Returns a Pandas DataFrame with all classes and three overall class label quality scores (details about each score are listed in the Returns parameter). By default, classes are ordered by “Label Quality Score”, ascending, so the most problematic classes are reported first.

Score values are unnormalized and may tend to be very small. What matters is their relative ranking across the classes.

This method works by providing any one (and only one) of the following inputs:

1. labels and pred_probs, or

2. joint and num_examples, or

3. confident_joint

Only provide exactly one of the above input options, do not provide a combination.

Parameters: For parameter info, see the docstring of find_overlapping_classes.

Returns

A Pandas DataFrame with cols “Class Index”, “Label Issues”, “Inverse Label Issues”, “Label Issues”, “Inverse Label Noise”, “Label Quality Score”, with a description of each of these columns below. The length of the DataFrame is num_classes (one row per class). Noise scores are between 0 and 1, where 0 implies no label issues in the class. The “Label Quality Score” is also between 0 and 1 where 1 implies perfect quality. Columns:

• Class Index: The index of the class in 0, 1, …, K-1.

• Label Issues: count(given_label = k, true_label != k), estimated number of label issues in the class (usually the most accurate method).

• Inverse Label Issues: count(given_label != k, true_label = k), estimated number of examples in the dataset that should actually be labeled as class k but have been given another label.

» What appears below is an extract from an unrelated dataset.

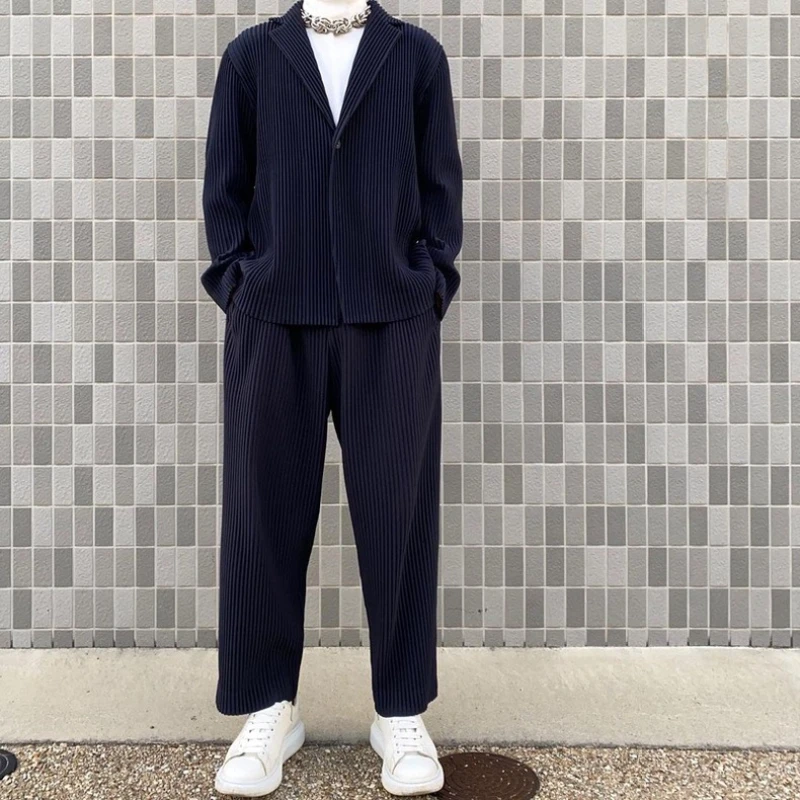 ISSEY 2026 New Arrival Japanese Miyake Pleated Pants Draped Straight-Leg Loose Wide-Leg Casual Trousers Men's Fashion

• Label Noise: prob(true_label != k | given_label = k), estimated proportion of label issues in the class. This is computed by taking the number of examples with “Label Issues” in the given class and dividing it by the total number of examples in that class.

• Inverse Label Noise: prob(given_label != k | true_label = k), estimated proportion of examples in the dataset that should actually be labeled as class k but have been given another label.

• Label Quality Score: p(true_label = k | given_label = k). This is the proportion of examples in the class that are labeled correctly, i.e. 1 - label_noise.

By default, the DataFrame is ordered by “Label Quality Score”, ascending.

Return type

pd.DataFrame